Les activités humaines autour du lac ont-elles des impacts sur les lacs d'altitude ?

Les lacs d’altitude sont des milieux d’intérêt pour de nombreuses activités humaines : pour la production d’énergie, en tant que ressource en eau, pour des loisirs … Néanmoins, ces activités ont des impacts plus ou moins importants sur le milieu naturel. La préservation des lacs nécessite de comprendre les conséquences des activités humaines autour des lacs et de proposer des moyens de les limiter.  

Cette fiche est à relier aux questions 15 et 20.

Les prélèvements d’eau

Les prélèvements d’eau sont de manière générale réglementés et définis selon « les capacités du milieu naturel ». Ils impactent néanmoins forcément les quantités d’eau disponibles pour le milieu naturel (lacs, rivières, ...), surtout si ces prélèvements sont importants. Des prélèvements conséquents peuvent conduire à des assèchements, notamment au niveau des zones humides.
Les travaux nécessaires pour faire circuler l’eau (par exemple d’un lac naturel à une retenue collinaire) modifient la topographie des milieux naturels, les travaux de terrassement en amont peuvent conduire au départ de particules très fines et au colmatage des zones humides1.

Station de Val Thorens
Lac du Goléon à 2 458m d’altitude

L'hydroélectricité

Les lacs utilisés pour créer de l’hydroélectricité sont équipés avec des digues de rehaussement, des zones de pompage….
Le premier impact à noter est donc généralement une modification morphologique de la forme du lac, mais aussi un changement au niveau de l’hydrologie et des variations saisonnières de niveau d’eau.
Lors de l’aménagement de ces sites, l’ennoyage des berges a des impacts sur la qualité de l’eau du lac et sur la biodiversité présente sur le littoral. Les espèces inféodées à ce milieu doivent se déplacer pour survivre.
A noter qu’en France, la construction de nouveaux aménagements en lac d‘altitude pour l’hydroélectricité date d’au moins 40 ans, cette phase de changements forts est donc aujourd’hui terminée.
Après cette phase initiale, la gestion du stock d’eau à l’échelle annuelle représente également des enjeux, par exemple sur les niveaux d’eau saisonniers des lacs en réponse aux besoins en électricité de la population (lâchers d’eau en aval des usines).
Pour la plupart des lacs aménagés, le niveau est bas en hiver et remonte à son maximum dès la fonte de la neige puis reste à cette hauteur durant le printemps et l’été, cela a donc peu d’impact sur la biodiversité des berges du lac.

Le pastoralisme

L’image des moutons ou des vaches au bord des lacs de montagne est bien connue. Le pastoralisme en montagne est une activité menée depuis des siècles (voir question 6), ancrée dans les territoires et qui a profondément modelé les paysages au fil du temps.
Selon le niveau de pâturage et le nombre de bêtes autour du lac, les conséquences sont très différentes. Le pâturage engendre de faibles impacts sur les lacs. Mais le surpâturage a de nombreuses conséquences car il modifie la dynamique des nutriments du bassin versant et peut faciliter des apports supplémentaires d’azote dans le lac. Ce qui impacte tout le réseau trophique (voir question 8) : concentration en chlorophylle, diversité du plancton, transparence de l’eau … 2.

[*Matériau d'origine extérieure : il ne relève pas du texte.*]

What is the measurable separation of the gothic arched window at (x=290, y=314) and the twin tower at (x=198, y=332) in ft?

Le piétinement par le bétail peut également augmenter l’érosion du bassin versant et donc l’arrivée de sédiments dans le lac.

L’impact des troupeaux est donc à étudier selon la pression de pâturage et à relativiser avec les autres impacts, notamment avec la pollution liée aux changements globaux (voir question 17).

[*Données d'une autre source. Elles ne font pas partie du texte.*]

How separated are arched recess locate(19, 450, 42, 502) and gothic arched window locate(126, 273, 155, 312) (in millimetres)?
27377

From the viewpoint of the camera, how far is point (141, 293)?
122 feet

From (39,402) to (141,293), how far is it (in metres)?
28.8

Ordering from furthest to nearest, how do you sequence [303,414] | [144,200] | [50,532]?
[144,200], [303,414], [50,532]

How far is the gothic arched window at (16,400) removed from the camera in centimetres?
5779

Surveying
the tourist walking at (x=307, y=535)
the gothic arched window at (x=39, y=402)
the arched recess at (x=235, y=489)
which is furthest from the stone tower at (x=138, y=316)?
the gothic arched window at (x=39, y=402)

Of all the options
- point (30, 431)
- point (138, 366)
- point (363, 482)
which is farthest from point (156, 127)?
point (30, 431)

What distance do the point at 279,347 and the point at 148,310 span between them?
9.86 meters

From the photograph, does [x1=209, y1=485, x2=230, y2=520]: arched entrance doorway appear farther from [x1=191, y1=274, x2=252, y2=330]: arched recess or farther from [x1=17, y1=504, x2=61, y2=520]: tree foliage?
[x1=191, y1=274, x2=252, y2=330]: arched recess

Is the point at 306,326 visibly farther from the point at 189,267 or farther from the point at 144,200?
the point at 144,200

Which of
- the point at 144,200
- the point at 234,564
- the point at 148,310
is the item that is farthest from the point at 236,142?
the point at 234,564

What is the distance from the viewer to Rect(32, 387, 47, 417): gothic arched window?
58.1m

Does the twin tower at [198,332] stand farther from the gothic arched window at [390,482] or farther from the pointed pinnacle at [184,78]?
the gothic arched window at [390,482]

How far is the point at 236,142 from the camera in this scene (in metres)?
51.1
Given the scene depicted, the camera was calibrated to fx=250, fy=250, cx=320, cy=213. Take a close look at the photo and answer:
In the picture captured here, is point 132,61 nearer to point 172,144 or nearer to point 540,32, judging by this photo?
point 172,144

Mouton au bord du lac de Pormenaz

Au lac du Lauzanier, plus de mouton à l’amont du lac

Le vallon du Lauzanier est, historiquement, pâturé depuis des siècles (voir question 6).
Récemment, le pastoralisme s’est arrêté dans le haut du vallon. Depuis 2017, plus personne n’utilise l’alpage en amont et autour du lac.
Ce changement sera sûrement visible dans l’état chimique de l’eau du lac d’ici quelques années, notamment au niveau des concentrations en azote et en phosphore. Les pelouses autour du lac changent peu à peu d'état, notamment au niveau des zones de couchade des troupeaux.

Lac du Lauzanier (Mercantour)

D’autres activités humaines peuvent engendrer des pollutions sur les sites sensibles. Il s’agit par exemple, des rejets liés à la fabrication de fromage en alpage, notamment concernant les eaux de rinçage des systèmes de traites, appelées les « eaux blanches ».

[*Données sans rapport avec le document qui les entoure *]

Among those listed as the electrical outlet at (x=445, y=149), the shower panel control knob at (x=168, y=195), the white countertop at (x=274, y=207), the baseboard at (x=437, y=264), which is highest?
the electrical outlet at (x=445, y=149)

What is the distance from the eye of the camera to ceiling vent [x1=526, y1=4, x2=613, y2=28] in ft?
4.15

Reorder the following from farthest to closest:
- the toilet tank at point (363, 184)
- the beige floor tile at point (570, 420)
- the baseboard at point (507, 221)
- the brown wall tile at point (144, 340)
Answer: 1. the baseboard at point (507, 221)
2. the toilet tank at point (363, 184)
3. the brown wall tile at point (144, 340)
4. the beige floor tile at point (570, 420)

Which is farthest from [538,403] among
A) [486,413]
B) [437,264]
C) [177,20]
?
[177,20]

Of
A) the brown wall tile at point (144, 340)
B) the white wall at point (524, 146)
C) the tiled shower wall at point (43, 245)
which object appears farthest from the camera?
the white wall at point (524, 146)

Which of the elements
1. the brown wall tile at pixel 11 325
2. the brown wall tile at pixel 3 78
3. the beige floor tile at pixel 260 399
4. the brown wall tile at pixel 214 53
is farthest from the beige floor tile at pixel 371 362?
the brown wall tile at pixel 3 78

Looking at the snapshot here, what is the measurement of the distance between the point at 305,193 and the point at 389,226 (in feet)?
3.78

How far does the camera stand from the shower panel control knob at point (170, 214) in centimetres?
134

Ces eaux sont, en concentration, plus riches en matières organiques que les effluents domestiques et nécessiteraient d’être traitées même pour les petits élevages de montagne avant rejet en milieu naturel… Mais pour les sites isolés, ce traitement est complexe à mettre en place. 

Refuge et autres bâtiments

De nombreux refuges sont présents au bord des lacs de montagne, ce sont des lieux emblématiques. Souvent très isolés, les refuges sont des espaces d’accueil, au confort réduit mais aussi des lieux de partage et de transmission des savoirs sur la montagne.
L’impact majeur des refuges sur les lacs et autres milieux naturels de montagne concerne les rejets d’eau usées. En effet, il y a de manière générale, peu de traitement fonctionnel des eaux usées en montagne. Le traitement des eaux est complexe du fait des faibles températures, des longues périodes d’inactivité (automne/hiver/printemps) et du redémarrage rapide nécessaire.
Les toilettes sèches dans les refuges se développent de plus en plus, ce qui résout le problème du traitement de l’eau mais pas celui du devenir des boues.
Si les eaux usées, très riches en nutriments, sont rejetées telles quelles dans le milieu naturel, l’impact peut être majeur sur les petits plans d’eau et zones humides d’altitude. Ces milieux naturellement pauvres en nutriments ont une très faible capacité de dilution, ils sont rapidement enrichis avec les apports extérieurs.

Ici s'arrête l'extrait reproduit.